You’ll also tell everyone that your music taste is strictly “indie” and “edgy” even though it’s defo in the UK Top 40, and take loads of pics of Camden Lock as a subtle “you wish you were here” to all your friends living elsewhere.
Honestly, who even actually lives here? If you call the City your home then you’re either breaking the bank to live in a mouldy, damp and almost entirely unfurnished Tower Hamlets flat or have somehow miraculously inherited your grandparents’ lowkey boujee flat that they bought back in the 50s for less than a third of the current price, there is no in-between.
Wimbledon (arguably not even considered to be in London but we’ll give them the benefit of the doubt) is notoriously home to the yummy mummies and yoga fanatics who have all gone vegan and religiously wake up at 5am for a quick meditation. They live purely off of sourdough bread, iced lattes and avocados and unashamedly make it their whole personality.
Honestly, not much goes on in Wimbledon, and the vibes of its residents tend to reflect this. If it is your place of stay then you’re probably a tad on the older (and lowkey boring) side or have decided to live at home with your parents for a bit to save some money and are hating every second.
Ah Stratford, home of Westfield shopping centre and not much else. The people of Stratford are fun, but always on high alert tbh, with safety still a bit of an issue no matter how hard people try to paint it as the new up-and-coming area to live in.
The people of Brixton are what those in Camden only wish they could be: actually cool. Often depicted as south London’s “living-it-large” capital its large and varied music scene means that the people living there have got slightly more edge than some of the other areas of London.
However, don’t be fooled. As with anywhere attractive, Brixton is becoming quickly overrun by the mob of middle class postgrads that are just lapping up the slightly cheaper rent prices and slightly less gentrified south London feel. It’s only a matter of time before they too start hearing “rah, where’s my baccy?” unironically in the pub smoking area.
If you ask anyone straight out of uni where they’re planning on living, its going to be Clapham.
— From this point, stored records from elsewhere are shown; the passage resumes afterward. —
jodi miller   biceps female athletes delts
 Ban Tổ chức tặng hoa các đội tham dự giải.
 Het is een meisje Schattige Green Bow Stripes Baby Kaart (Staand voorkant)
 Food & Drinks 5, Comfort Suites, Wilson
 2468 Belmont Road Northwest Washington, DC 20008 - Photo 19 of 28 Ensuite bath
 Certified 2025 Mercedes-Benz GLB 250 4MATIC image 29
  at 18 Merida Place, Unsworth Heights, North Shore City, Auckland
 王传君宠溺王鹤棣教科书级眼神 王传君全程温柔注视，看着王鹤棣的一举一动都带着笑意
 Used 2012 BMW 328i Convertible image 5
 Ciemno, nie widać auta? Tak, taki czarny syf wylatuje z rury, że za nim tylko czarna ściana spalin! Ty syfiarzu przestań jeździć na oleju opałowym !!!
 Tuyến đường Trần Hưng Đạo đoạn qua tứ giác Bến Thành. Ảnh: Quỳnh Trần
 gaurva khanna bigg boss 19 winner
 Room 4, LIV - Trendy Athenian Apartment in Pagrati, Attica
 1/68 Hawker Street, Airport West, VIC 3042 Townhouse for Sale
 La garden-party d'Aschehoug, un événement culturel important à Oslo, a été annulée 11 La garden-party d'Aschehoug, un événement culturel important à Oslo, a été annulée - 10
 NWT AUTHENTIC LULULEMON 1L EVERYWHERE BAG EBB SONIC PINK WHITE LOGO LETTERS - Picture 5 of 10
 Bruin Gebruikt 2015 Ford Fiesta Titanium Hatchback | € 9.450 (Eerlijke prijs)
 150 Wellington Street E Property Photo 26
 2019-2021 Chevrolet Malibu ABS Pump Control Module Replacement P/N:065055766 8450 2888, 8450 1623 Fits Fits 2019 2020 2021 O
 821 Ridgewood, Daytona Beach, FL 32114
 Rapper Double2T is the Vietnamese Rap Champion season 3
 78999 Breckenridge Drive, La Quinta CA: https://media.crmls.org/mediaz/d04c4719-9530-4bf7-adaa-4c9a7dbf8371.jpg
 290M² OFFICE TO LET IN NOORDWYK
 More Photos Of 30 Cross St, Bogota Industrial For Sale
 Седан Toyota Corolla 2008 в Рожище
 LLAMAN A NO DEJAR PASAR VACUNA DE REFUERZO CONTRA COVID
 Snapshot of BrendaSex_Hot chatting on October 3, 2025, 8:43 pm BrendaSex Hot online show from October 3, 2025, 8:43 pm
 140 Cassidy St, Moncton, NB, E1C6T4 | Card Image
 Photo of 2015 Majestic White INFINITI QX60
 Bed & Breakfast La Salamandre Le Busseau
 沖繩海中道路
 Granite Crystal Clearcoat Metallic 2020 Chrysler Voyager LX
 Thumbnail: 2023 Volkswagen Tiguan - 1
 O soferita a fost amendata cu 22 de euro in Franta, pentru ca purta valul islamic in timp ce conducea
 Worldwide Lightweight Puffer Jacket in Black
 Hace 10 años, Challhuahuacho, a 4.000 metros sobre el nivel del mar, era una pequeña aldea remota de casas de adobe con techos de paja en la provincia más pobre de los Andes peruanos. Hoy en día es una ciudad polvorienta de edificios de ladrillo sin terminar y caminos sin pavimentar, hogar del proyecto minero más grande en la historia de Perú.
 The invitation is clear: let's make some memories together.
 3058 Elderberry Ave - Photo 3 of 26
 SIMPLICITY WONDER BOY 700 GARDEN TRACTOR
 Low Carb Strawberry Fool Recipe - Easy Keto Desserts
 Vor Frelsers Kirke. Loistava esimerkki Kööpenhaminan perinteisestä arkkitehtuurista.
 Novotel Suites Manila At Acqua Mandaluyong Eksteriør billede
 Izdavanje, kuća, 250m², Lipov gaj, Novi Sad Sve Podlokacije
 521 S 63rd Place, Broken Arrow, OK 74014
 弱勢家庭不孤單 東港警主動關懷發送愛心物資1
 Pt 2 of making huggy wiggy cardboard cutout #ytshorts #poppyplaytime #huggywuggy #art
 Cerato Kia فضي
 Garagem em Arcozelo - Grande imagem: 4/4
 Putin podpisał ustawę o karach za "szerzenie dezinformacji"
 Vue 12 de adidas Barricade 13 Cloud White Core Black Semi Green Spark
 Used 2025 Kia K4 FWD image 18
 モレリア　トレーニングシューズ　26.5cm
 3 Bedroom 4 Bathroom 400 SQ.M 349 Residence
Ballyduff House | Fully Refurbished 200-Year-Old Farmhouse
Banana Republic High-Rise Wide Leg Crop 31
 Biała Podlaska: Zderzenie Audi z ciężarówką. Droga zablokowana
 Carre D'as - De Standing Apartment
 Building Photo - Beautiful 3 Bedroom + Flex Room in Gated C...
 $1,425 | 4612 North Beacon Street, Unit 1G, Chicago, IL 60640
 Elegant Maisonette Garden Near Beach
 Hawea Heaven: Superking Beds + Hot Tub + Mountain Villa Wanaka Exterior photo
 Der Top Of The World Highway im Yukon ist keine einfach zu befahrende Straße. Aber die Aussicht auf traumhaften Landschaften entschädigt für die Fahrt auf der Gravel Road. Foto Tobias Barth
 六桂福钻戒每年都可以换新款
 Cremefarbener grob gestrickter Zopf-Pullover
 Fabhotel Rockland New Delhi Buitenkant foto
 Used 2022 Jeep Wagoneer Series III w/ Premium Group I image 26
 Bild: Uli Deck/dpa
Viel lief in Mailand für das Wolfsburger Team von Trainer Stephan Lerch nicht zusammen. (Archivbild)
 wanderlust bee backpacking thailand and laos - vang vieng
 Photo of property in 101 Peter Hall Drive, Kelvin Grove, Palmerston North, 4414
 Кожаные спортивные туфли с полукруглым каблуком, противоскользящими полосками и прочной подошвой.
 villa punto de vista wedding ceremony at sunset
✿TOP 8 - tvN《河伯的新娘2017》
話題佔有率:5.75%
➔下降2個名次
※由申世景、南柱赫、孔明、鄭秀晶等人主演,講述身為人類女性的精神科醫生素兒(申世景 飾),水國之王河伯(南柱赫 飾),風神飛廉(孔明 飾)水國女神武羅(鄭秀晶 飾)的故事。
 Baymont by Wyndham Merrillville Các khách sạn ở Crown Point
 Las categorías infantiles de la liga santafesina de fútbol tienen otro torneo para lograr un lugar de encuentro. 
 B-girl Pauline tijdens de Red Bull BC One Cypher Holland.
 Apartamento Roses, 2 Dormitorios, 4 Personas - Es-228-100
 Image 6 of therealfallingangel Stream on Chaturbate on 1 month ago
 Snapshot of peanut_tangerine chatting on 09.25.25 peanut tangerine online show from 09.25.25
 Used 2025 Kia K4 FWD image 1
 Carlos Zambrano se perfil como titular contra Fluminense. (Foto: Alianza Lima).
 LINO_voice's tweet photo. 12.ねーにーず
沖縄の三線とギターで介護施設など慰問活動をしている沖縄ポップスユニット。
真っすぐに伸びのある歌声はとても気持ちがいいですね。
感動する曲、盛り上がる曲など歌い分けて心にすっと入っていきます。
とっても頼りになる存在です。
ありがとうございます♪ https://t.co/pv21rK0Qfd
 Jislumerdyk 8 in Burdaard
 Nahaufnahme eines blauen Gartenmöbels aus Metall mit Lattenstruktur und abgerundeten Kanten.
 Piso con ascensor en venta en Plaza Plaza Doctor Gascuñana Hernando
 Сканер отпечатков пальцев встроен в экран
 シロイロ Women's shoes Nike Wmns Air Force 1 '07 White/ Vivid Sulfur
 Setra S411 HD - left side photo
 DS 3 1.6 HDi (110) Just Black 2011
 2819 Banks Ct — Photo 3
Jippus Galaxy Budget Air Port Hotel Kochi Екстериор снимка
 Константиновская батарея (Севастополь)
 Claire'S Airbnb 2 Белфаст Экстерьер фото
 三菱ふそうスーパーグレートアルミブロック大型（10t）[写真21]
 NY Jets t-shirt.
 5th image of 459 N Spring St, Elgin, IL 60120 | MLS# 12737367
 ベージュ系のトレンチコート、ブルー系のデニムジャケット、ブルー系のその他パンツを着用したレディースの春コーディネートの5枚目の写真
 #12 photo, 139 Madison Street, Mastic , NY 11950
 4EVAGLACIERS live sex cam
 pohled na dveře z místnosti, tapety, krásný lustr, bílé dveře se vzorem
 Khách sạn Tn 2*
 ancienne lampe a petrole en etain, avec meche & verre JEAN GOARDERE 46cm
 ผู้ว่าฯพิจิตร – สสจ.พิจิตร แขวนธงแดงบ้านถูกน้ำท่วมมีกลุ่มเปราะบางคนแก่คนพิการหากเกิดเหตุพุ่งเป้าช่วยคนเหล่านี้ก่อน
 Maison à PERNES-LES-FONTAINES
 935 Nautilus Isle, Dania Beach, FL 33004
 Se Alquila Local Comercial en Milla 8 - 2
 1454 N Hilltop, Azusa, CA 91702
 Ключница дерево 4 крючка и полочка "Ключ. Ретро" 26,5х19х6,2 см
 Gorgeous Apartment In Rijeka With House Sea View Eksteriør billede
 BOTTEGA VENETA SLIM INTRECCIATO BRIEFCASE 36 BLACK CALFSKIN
Paying the price of a small mortgage to live in an incredibly underwhelming flatshare with virtually no public transport nearby is the price its residents are willing to pay just to say they’ve made it.
You can spot a Clapham boy from a mile-off: rugby shirt or Exeter leavers hoodie on and a good old pint in hand, they’re ready to hit the common for a game of football with the boys. As for the girls, well they just love a Boomerang. Tequila shots all round and a cheeky prosecco with brunch, the girls in Clapham are here for a good time not a long time and will post at least three Insta stories at Infernos every Friday night to prove it.
A new up-and-coming borough, Tooting is coming for Clapham’s name, being slowly gentrified to the max due to its slightly cheaper lifestyle (key word here is slightly) and somewhat closer tube station.
Let’s be honest, the people of Tooting are a little bit smug. Ever since Tooting Market and that big swimming pool Sadiq Khan insisted got built (has anyone ever actually used it ???) came onto the scene they think they’ve made it big. The truth, however, is that nothing changes the fact that it’s still Tooting, renowned for having “Europe’s biggest Chicken Cottage” and not much else.
Though they would never admit it, Tooting probably wasn’t their first choice, but they’ve “grown to love it” and now wear it like a badge of honour (though they’ll defo be moving elsewhere the minute they can afford it).
Home to the London hipsters and almost the entirety of the city’s vegan population, anyone who lives in Hackney automatically thinks they’ve discovered a part of London that nobody knows about yet (spoiler: we all know).
Their past times include drinking craft beer, religiously mooching round Colombia Road market every Sunday (or any vintage shop known to man tbh) and taking a “recent interest” in vinyl even though they secretly get all of their music from trusty Spotify playlists.